[Stored entries]

'''

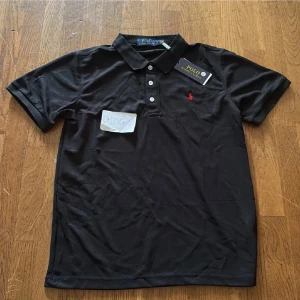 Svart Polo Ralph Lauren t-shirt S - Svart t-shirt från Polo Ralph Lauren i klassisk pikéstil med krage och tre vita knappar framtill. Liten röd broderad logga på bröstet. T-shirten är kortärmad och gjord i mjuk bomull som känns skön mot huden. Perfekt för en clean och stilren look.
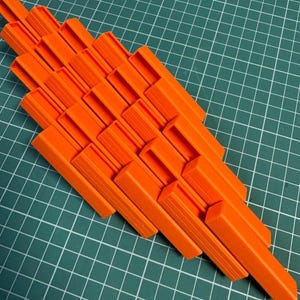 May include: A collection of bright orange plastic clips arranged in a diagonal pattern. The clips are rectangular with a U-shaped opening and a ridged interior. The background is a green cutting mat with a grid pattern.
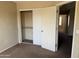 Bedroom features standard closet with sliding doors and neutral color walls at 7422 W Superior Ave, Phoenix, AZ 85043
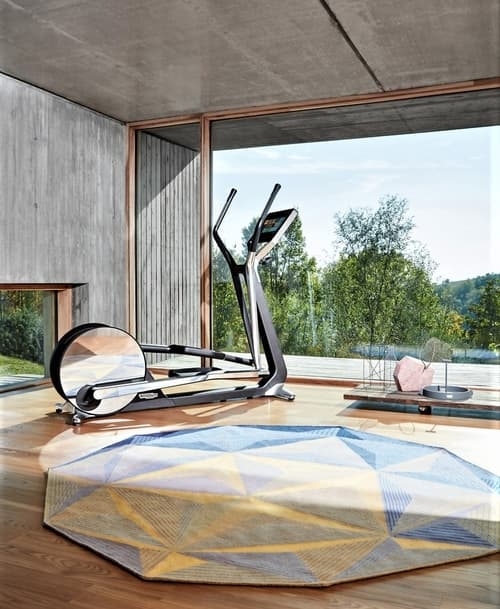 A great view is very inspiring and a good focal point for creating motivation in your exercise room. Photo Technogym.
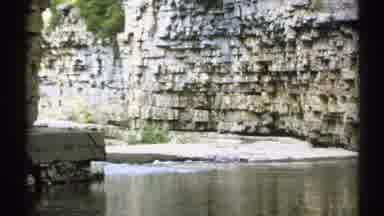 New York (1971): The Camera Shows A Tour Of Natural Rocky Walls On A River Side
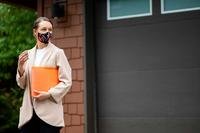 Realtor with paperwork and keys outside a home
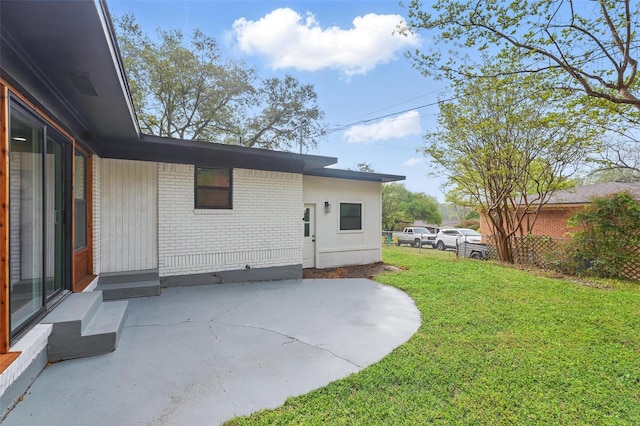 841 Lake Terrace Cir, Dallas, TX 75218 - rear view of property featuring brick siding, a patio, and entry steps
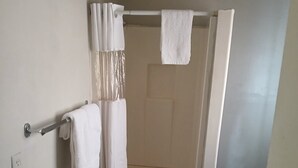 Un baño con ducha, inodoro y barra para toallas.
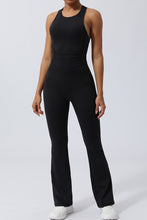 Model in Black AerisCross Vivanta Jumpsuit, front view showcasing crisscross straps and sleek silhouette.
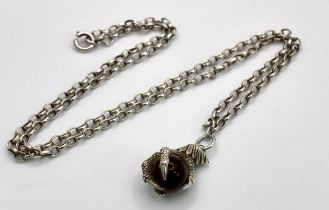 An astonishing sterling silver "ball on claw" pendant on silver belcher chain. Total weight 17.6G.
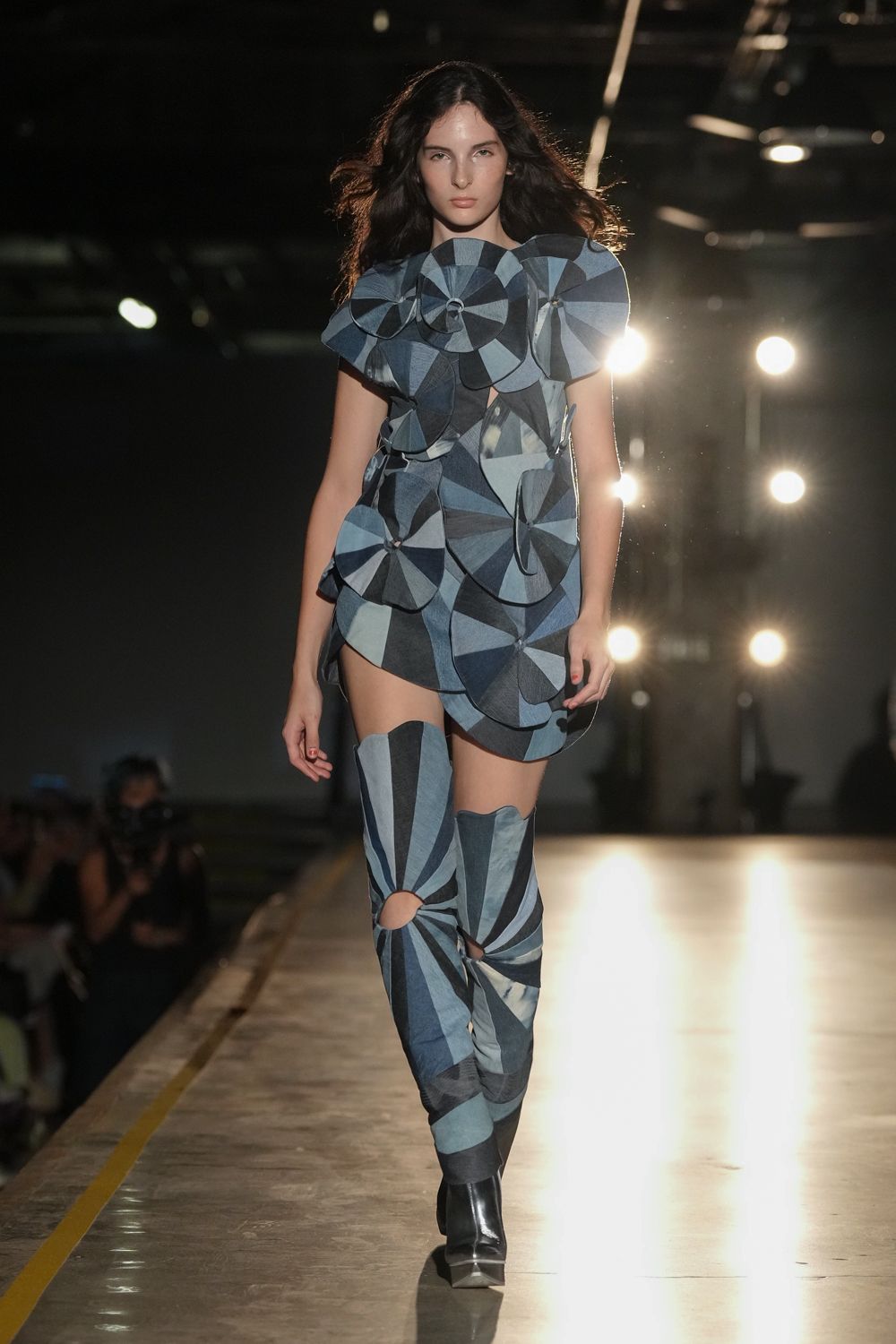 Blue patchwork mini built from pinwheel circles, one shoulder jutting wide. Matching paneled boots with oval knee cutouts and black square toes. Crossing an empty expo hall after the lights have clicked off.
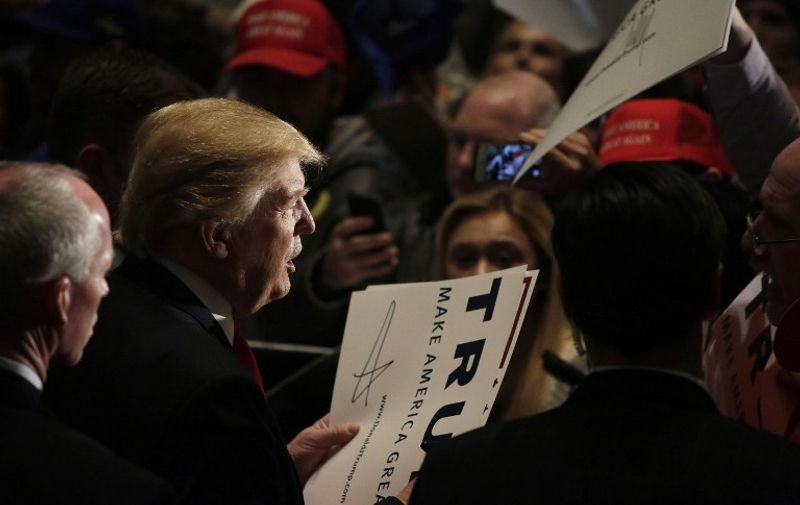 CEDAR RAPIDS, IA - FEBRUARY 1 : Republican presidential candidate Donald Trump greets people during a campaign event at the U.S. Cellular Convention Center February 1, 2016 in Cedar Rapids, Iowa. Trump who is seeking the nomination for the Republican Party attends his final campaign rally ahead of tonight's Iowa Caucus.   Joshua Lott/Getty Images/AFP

'''

• GOAL OF THE EXERCISE: Return nothing except the lines from the line with "May include: A" through the last line of the records above, copied exactly and without pictures.

• ANSWER SPACE:
 May include: A collection of bright orange plastic clips arranged in a diagonal pattern. The clips are rectangular with a U-shaped opening and a ridged interior. The background is a green cutting mat with a grid pattern.
 Bedroom features standard closet with sliding doors and neutral color walls at 7422 W Superior Ave, Phoenix, AZ 85043
 A great view is very inspiring and a good focal point for creating motivation in your exercise room. Photo Technogym.
 New York (1971): The Camera Shows A Tour Of Natural Rocky Walls On A River Side
 Realtor with paperwork and keys outside a home
 841 Lake Terrace Cir, Dallas, TX 75218 - rear view of property featuring brick siding, a patio, and entry steps
 Un baño con ducha, inodoro y barra para toallas.
 Model in Black AerisCross Vivanta Jumpsuit, front view showcasing crisscross straps and sleek silhouette.
 An astonishing sterling silver "ball on claw" pendant on silver belcher chain. Total weight 17.6G.
 Blue patchwork mini built from pinwheel circles, one shoulder jutting wide. Matching paneled boots with oval knee cutouts and black square toes. Crossing an empty expo hall after the lights have clicked off.
 CEDAR RAPIDS, IA - FEBRUARY 1 : Republican presidential candidate Donald Trump greets people during a campaign event at the U.S. Cellular Convention Center February 1, 2016 in Cedar Rapids, Iowa. Trump who is seeking the nomination for the Republican Party attends his final campaign rally ahead of tonight's Iowa Caucus.   Joshua Lott/Getty Images/AFP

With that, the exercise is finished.